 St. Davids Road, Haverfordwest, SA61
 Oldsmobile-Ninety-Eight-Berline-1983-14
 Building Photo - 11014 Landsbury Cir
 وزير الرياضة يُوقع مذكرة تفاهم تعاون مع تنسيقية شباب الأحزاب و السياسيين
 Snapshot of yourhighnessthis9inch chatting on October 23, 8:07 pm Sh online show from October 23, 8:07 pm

- - - -

## Activity
The entries above must be repeated word for word.

## Response for this exercise
 St. Davids Road, Haverfordwest, SA61
 Oldsmobile-Ninety-Eight-Berline-1983-14
 Building Photo - 11014 Landsbury Cir
 وزير الرياضة يُوقع مذكرة تفاهم تعاون مع تنسيقية شباب الأحزاب و السياسيين
 Snapshot of yourhighnessthis9inch chatting on October 23, 8:07 pm Sh online show from October 23, 8:07 pm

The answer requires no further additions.